Ottawa (Ontario), le 13 février 2004

EN PRÉSENCE DE MADAME LA JUGE SNIDER

ENTRE :

                                                           WILLIAM ISEN

                                                                                                                               demandeur

                                                                       et

                                         STEPHEN SIMMS et MARLA SIMMS

                                                                                                                                défendeurs

                          MOTIFS DE L'ORDONNANCE ET ORDONNANCE

LA JUGE SNIDER

[1]         M. William Isen, le demandeur dans la présente action, a demandé à la Cour de décider d'un point de droit exposé dans un mémoire spécial en application de l'alinéa 220(1)c) des Règles de la Cour fédérale (1998).

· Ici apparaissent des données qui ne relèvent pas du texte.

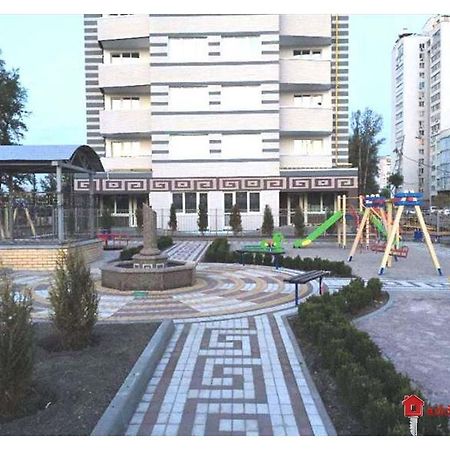 Green Stone Kiev Exterior foto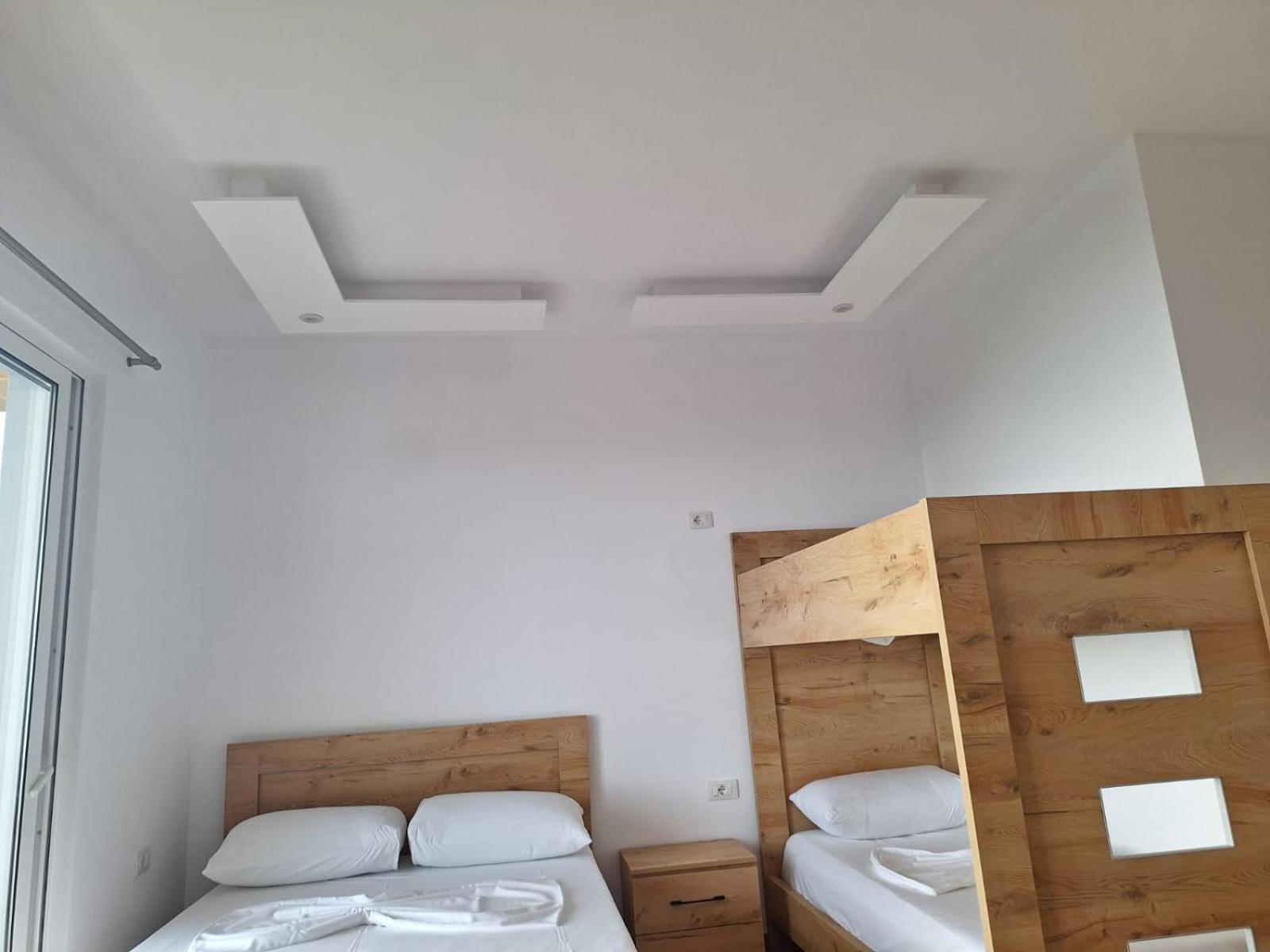 Xuxi Apartments Lukovë Екстериор снимка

Cet alinéa des Règles permet à la Cour de décider des points litigieux avant l'instruction de l'action ou en remplacement de celle-ci. Par une ordonnance en date du 2 juin 2003, la protonotaire Tabib a décidé que la Cour tranche la question suivante :


[TRADUCTION] Les faits et les circonstances qui ont donné lieu à un événement ayant causé une lésion corporelle à Stephen Simms le 1er août 1999 forment-ils des créances nées d'un même événement impliquant un navire jaugeant moins de 300 tonneaux pour l'application du paragraphe 577(1) de la Loi sur la marine marchande du Canada?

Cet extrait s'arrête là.